Years ago, I read Dietrich Bonhoeffer’s Letters and Papers from Prison. Two or three years ago, I got the “Greatly Enlarged Edition” of the work, edited by his close friend, Eberhard Bethge. Recently, I picked it off my shelf, where it had been crying to me, “Are you ever going to finish reading me?”
In a letter dated 1 February 1944, Bonhoeffer writes to his friend about a loss of “moral memory.” Saying that its loss is “responsible for the ruin of all obligations, of love, marriage, friendship, and loyalty,” he adds, “Nothing sticks fast, nothing holds firm.” He wonders how Germany could have declined so far, so quickly, politically and ethically. Dietrich writes to his friend Eberhard, “The [one] who feels neither responsibility towards the past nor desire to shape the future is one who ‘forgets,’ and I don’t know how one can really get at such a person and bring him to his senses…You put it very well recently when you said that people feel so quickly and so ‘shamelessly at home.’”

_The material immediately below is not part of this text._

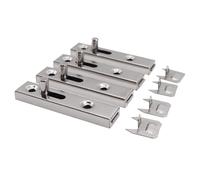 Set di 4 Chiavistelli per Mobili in Metallo, 70 mm, con Angolo di Chiusura, Finitura Nichelata, Palla, Chiavistello Piccolo con Vite Visibile,chiavistello chiavistello scorrevole inox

I ask myself: how would I have behaved as a German citizen in the 1930s and early 40s? Would I have voiced my opposition to what was going on? Would I have held my tongue, kept my head down, and joined the many who felt “so quickly and so ‘shamelessly at home?’”
Obviously, our nation has not declined politically and ethically anywhere to the extent that Germany did under National Socialist rule. Those who equate Bush with Hitler only display a lack of clear thinking (and an alarming ignorance of history). However, we’ve no doubt taken a big step backward in many areas—not least of all in protection of human rights and observance of the rule of law.
But I must confess to a certain resignation at times, a feeling that we’ll just have to “wait this one out.” Still, there’s a real danger to becoming so “shamelessly at home.” As Bonhoeffer puts it in the prologue, “Mere waiting and looking on is not Christian behavior.”